The WW has to experience the reality of her decision to end the M. As long as she has all the advantages of being your W and being single, too, this will could on endefinantly.
Having IC is a good thing, I suppose, however, if you are getting advice from a MC.....it will probably clash with DBing. The results will leave you feeling confused and frustrated.
It is not about what you feel should work in your M. It is about doing the work that gets the right results. Do what works!
I'm going to start with a little background. My mom, was always very good about coming to me after something happened: an argument, a punishment, a fight, what have you...and she would sit in my room and talk to me from her heart, and after she left, even if I was still sad or hurt, I knew that she loved me. (Usually)
My parents would have fights, but I don't recall there ever really being loud yelling of any kind in our house. Now, there was stress, and sometimes deep silence, but no yelling.
==> Sidebar: Just the night before last, I sat with my D(15) and talked to her for about an hour. Talking to her about her emotional problems, but mostly by sharing my stories, particularly since my W decided to tell the counselor in front of our D(15) that I'm an alcoholic and tried to commit suicide at 16. So, I sat with her and told her what and who I was, how I saw things, how I was handling(ed) them. And just shared with her, and it was nice, and we hugged and I told her I loved her more than anything and that I'm always on her side and she can come to me and talk to me about anything, anytime. (That's just to give you an example of me, even now.)
On my marriage:
It became pretty obvious very early on that my wife's family liked to yell. Her parents remind me of George Costanza's parents from Seinfeld. At one point, I even made a comment to my wife about how they yell and are angry so much. And her response was, "They're not angry. Nobody's angry, thats just how we talk."
Ironically, they yell at each other a lot, but then there is no real sharing and/or caring that goes on as I knew it.

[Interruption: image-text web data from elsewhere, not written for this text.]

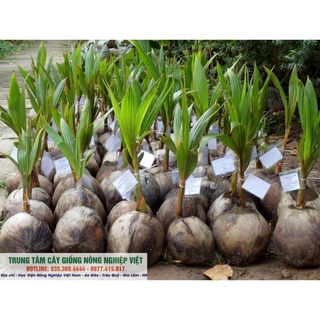 Cây Giống Dừa Lửa .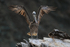 Peruvian Pelican flapping wings, Chile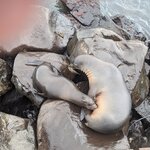 Photo taken by mimi s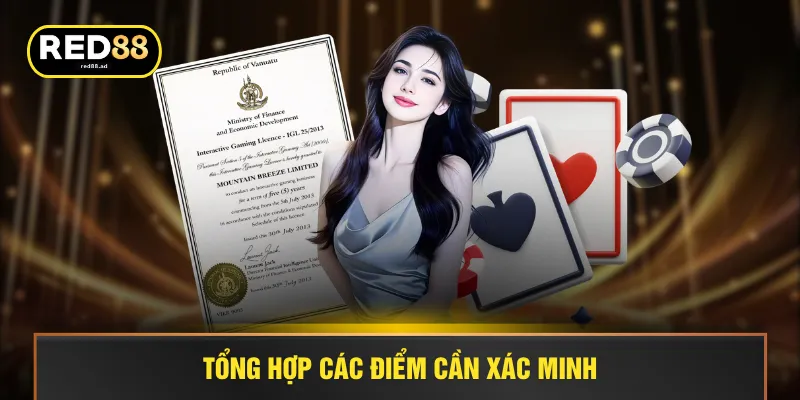 Tổng hợp các điểm cần xác minh 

In the early days of our marriage my wife and I fought a lot over finances, taking care of the children, and things like that. My wife is a hypochondriac (self-admitted) and she is truly a stress-monger. Having children really, really, really stressed her out. Everyday normal things would set her off and make her panic and lose control. I noticed this early on.
With time, the arguments forced me to begin to yell because I couldn't ever get my point across calmly. And I changed in that way, and became quick to anger and to yell (but I was never like that before). My wife also has a very sharp tongue and will say extremely hurtful things in anger, then usually she never apologizes. (Now, maybe she does technically say "I'm sorry" sometimes, but almost 100% never has she truly made an effort to create a warm, fuzzy truly apologetic and comforting effort to restore the position to pre-argument status.)
As time went on, the arguments have changed from taking care of children, and finances, to move into just the personal situation and relationship between me and her. And as I write this, I remember that I used to complain to her that we argue too much and that we don't repair our relationship and its driving me from her. But she would retract back to her 'place' and not talk anymore, leaving me to stew in anger and resentment. Then to come out of her 'place' at some later time (hours, days) and act like nothing happened.
So, things just continued to deteriorate. She would say I'm angry, and truthfully, I was. I mad because I wanted a wife that loved me and communicate with me lovingly, but rarely received that.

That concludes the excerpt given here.